Hell Ride (2008)

Movies like Hell Ride exist because some people, like writer, director, and star Larry Bishop, can’t give up the past. Here, he plays the president of a motorcycle gang, Pistolero, although which one was lost on me. I have up caring pretty early on, to be honest. He’s around the age of 60, and so are most of his colleagues. Bishop has been in biker movies before, all the way back to the late ’60s, and seems to want to recapture the fun he had during that time.

The basic gist of the plot goes something like this: There is another gang that is not led by Pistolero, and therefore it’s bad. Oh, there’s been conflict between them for over 30 years — the constant, annoying, pointless, and confusing flashbacks ensure this — but now is the time to finally end things.
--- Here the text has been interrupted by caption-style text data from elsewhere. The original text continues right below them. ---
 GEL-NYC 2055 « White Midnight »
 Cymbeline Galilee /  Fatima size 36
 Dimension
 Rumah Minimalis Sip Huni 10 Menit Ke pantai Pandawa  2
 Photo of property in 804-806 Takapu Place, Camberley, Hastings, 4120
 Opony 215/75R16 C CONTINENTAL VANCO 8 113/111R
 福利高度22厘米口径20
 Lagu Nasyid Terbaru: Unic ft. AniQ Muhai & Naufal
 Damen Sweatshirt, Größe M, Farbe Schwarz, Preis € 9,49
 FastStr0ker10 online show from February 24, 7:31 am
I’m sure there are reasons behind that decision, but ignoring the inane dialogue in a movie like this is generally for the best. Essentially, Larry Bishop gets to live out a fantasy for not even 90 minutes, while also pretending to give us an insightful parody and an homage to the biker films of the ’70s.

I say “pretending” because that seems to be more a ruse than anything else. Nobody here seems to want to do anything that’s genuinely insightful; they’re making a junky movie and that’s that. The claim can be made that the people behind it are more clever than they’re portrayed by their final product, but I’m not seeing it. You don’t make a film this bad and then claim that it was intentionally this way. The Room creator Tommy Wiseau claims that his film was supposed to be that funny. Do you believe him?
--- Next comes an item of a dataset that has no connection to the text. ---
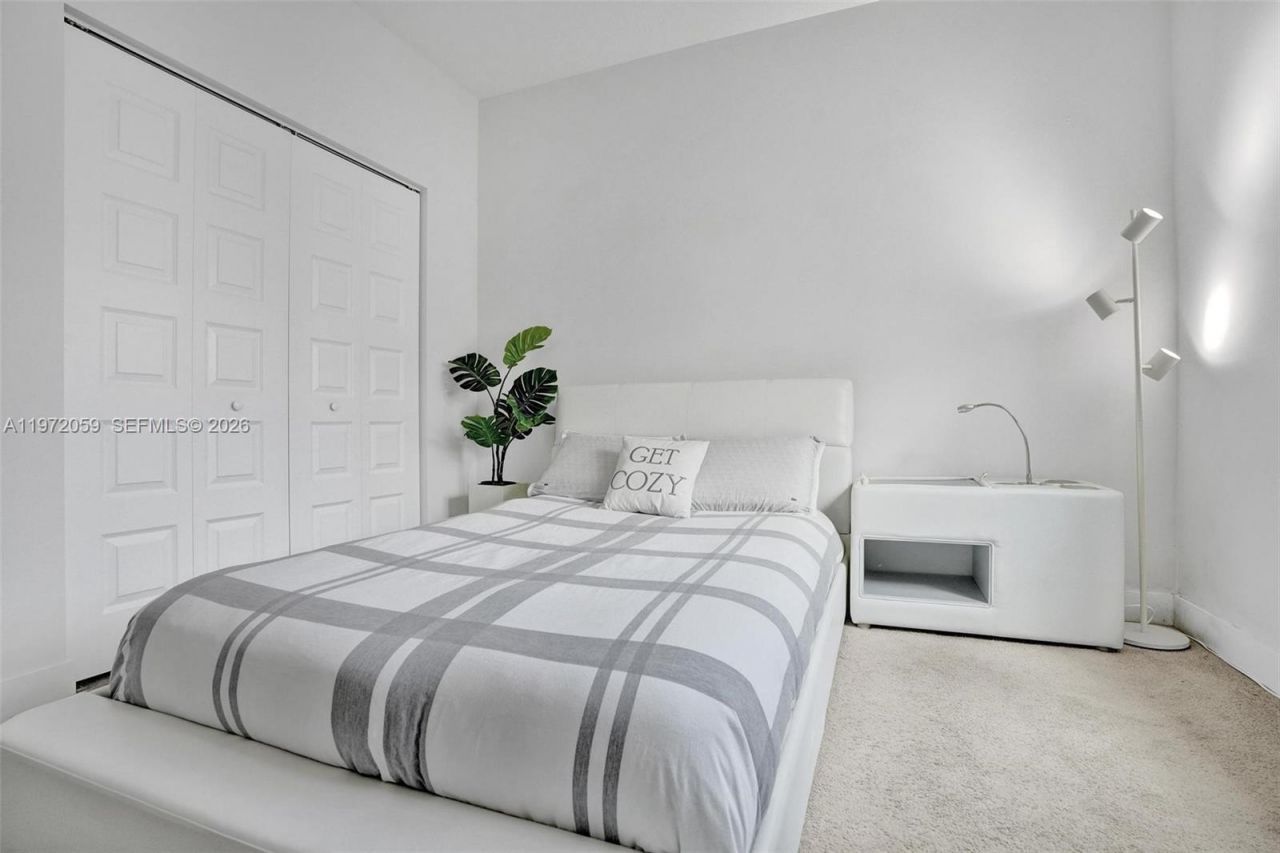 4771 NW 84th Ave, Doral, FL 33166 Photo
It might not be completely fair to compare Hell Ride to The Room, especially because the former at least has enough nudity and violence to keep a male audience member’s attention, but both films are beyond awful and on a second viewing, I’d pick The Room simply because it’s funnier. Hell Ride tries to be funnier, and tries to be more interesting, but it fails at almost every conceivable point.

I think one of the problems is that it’s clear that Bishop was trying to copy Quentin Tarantino — the person who served as an executive producer and “presenter” of the film. A non-linear plot, dialogue that doesn’t go anywhere, a kind of creepy focus on a certain female body part (in this case it’s not feet) — all of it screams “Tarantino wannabe.” The problem is that Tarantino knows how to make it work, while Larry Bishop doesn’t have that sort of vision or talent. His dialogue is interesting, not just overlong for the sake of taking up time.

Hell Ride doesn’t even have enough content to fill the 80 minutes for which it plays. If removed of its unnecessary flashbacks and if the dialogue was kept to a minimum — and when the writing is this poor, that would have been a blessing — we might have a 40 minutes film here. Most of that would consist of these 50-60-year-old dudes being desired by 20-year-old, topless ladies, because that’s exactly what this director wanted him and his friends to experience while on this set.

Is there anything enjoyable here? Sure. Dennis Hopper and David Carradine show up in cameo roles, two biker legends in their own rights, and that’s almost always a pleasant sight to see. They, unlike the rest of the actors, actually seem to be having fun, probably because they get a paycheck and don’t have to be completely embarrassed by their appearance here. Vinnie Jones plays the main villain, although despite this, he only gets a few minutes on-screen. It would’ve been fun to see more of him, I think, as he’s often a fun presence.

Everyone else is awful. One might think that Bishop would be able to get a good performance out of himself, but he’s probably the worst actor in the film. It’s not just that he doesn’t seem like he could actually be the president of the gang — he doesn’t look or talk the part — but he is so unemotional that you wonder if he was half-asleep during most of the takes. Speaking of being asleep or drunk during production, Michael Madsen shows up as another one of the bikers, and while he’s at least got a couple of fun moments, it doesn’t add up to much.

I can get behind a terrible Z-grade movie if it’s fun. That’s about all that this type of film has to do in order for me to at least give it a tentative recommendation. There’s nothing enjoyable, nothing worthwhile, and nothing that’s even remotely interesting about this film. I just wanted to smile or laugh for most of it, and all I felt was sad; I was disappointed that anybody would finance this and that this many actors would agree to be a part of it.

There are movies that are so bad, they’re good, and others that are so bad that they’re a complete waste of time and there’s no reason to even consider giving them the time of day. Hell Ride is so awful that not even the sight of naked ladies — of which there plenty, especially in its first half — could bring cheer to it. Everyone, save for cameos from Dennis Hopper and David Carradine, is so drab and down, despite all these actors in or past middle age getting to live out a director’s misogynistic fantasy. What an awful movie.